Much of that stormwater, unable to reach and percolate through the soil, floods low-lying areas or rapidly overflows streams and rivers. Along the way, it picks up sediment and excess nutrients—such as nitrogen and phosphorus, compounds used in fertilizers—that, once in the water, produce algae blooms or otherwise block sunlight from reaching underwater grasses, sometimes called submerged aquatic vegetation, or SAV. With the ecosystem out of balance, people again experience disruption to their lives, with oyster beds closed for harvest and water unsafe for swimming.
Healthy marshes absorb floodwaters, filter runoff, and dampen wave energy but are also at risk from sea level rise, which can drown marsh habitats that do not have space to migrate upland. The CHPP recommends that North Carolina work with the Southeast Regional Partnership for Planning and Sustainability—which includes federal and state agencies and nongovernmental organizations—to develop a regional salt marsh conservation plan.
Empowering the public
In addition to five pages of recommendations for actions that state agencies can take, the new CHPP includes seven pages of recommendations from the independent stakeholder working group for how communities and members of the public can design local projects and solutions and begin taking positive actions to protect the estuary system. In the Neuse River basin, for instance, those concerned about algal blooms can identify where additional vegetation along streambeds could be planted to help absorb and slow polluted stormwater runoff.

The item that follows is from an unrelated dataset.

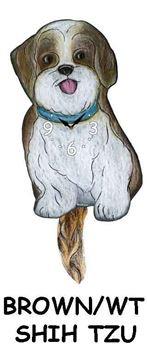 Shih Tzu - Brown / White - Wagging Tail Dog Clock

DEQ also has expressed interest in forming a public-private partnership to maximize the interest and commitment of residents who want local solutions and are willing to contribute to them.
As Keith Larick of the North Carolina Farm Bureau says, “One of the great things about the CHPP is that people who care about these issues, who want to identify solutions and get to work, can use the document as a guide to get started now. In my opinion, it’s a great example of how government is supposed to work: pulling together experts, listening to the people, and creating a plan that has a role for everyone.”
A plan worthy of support, and a model for other states
Pew, which helped to convene the 10 organizations, businesses, and individuals who participated in the stakeholder working group, supports the revised CHPP and its effective implementation in the coming years, and encourages others to do the same. The public has several options for providing feedback on the CHPP through Oct. 21. Those familiar with coastal habitat issues in North Carolina may opt to fill out the 32-question survey, while others may choose to simply provide a comment by choosing this option in Question 5.
As Tom Looney, a Raleigh-based businessman and advocate for the state’s burgeoning oyster industry, says, “Especially when combined with the North Carolina Oyster Blueprint, which was released earlier this year, the CHPP gives me a lot of hope that our coasts are on their way to becoming more resilient and even more valuable, in so many ways, to people in this state.”
When it comes to the future of North Carolina’s coastal habitats, the public will be both the agents of action and the ultimate beneficiaries of the long-term, sustainable conservation initiatives laid out in the plan. By protecting nature, North Carolinians can protect themselves. And for other states looking to develop similar comprehensive plans for their coastal habitats, Pew recommends following North Carolina’s approach to creating a blueprint for action that is comprehensive, science-based, practical, and encouraging of community involvement.
Leda Cunningham, who lives in North Carolina, works on The Pew Charitable Trusts’ conserving marine life in the United States project.